Aunque en aquella ocasión Bryan no había contado más que lo estrictamente imprescindible, un Keith Welles asombrado aceptó la misión. Tenía tiempo y no podía menos que acceder a ello. Pero a pesar de la detallada descripción que Bryan le había hecho del lugar, de los demás pacientes y del personal, a los que provino de nombres y rostros, Keith Welles no consiguió desvelar en su primer informe la suerte que había corrido Gerhart Peuckert.
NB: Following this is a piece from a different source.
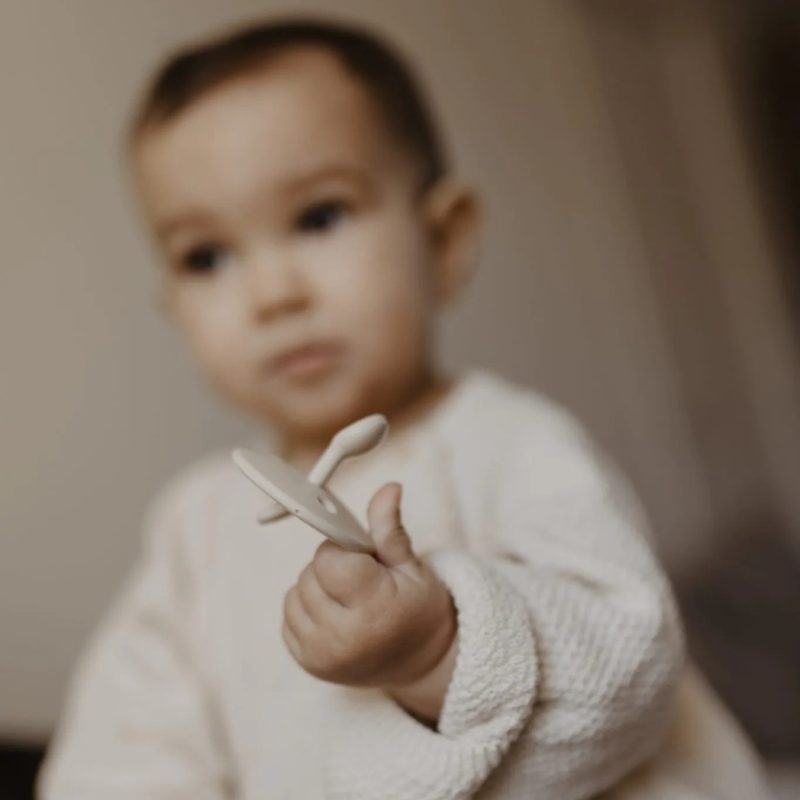 Bébé avec sucette ChooChoo Elhée beige tenue entre les doigts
Habían pasado casi treinta años. La misión era prácticamente imposible, se quejó. No había ningún rastro ni del lazareto ni tampoco de aquel hombre. Además, era muy probable que un hombre que había estado ingresado en un manicomio en los últimos días del Tercer Reich hubiera sido liquidado; el homicidio piadoso era el tratamiento más seguro que dispensaba el Estado a cierto tipo de pacientes.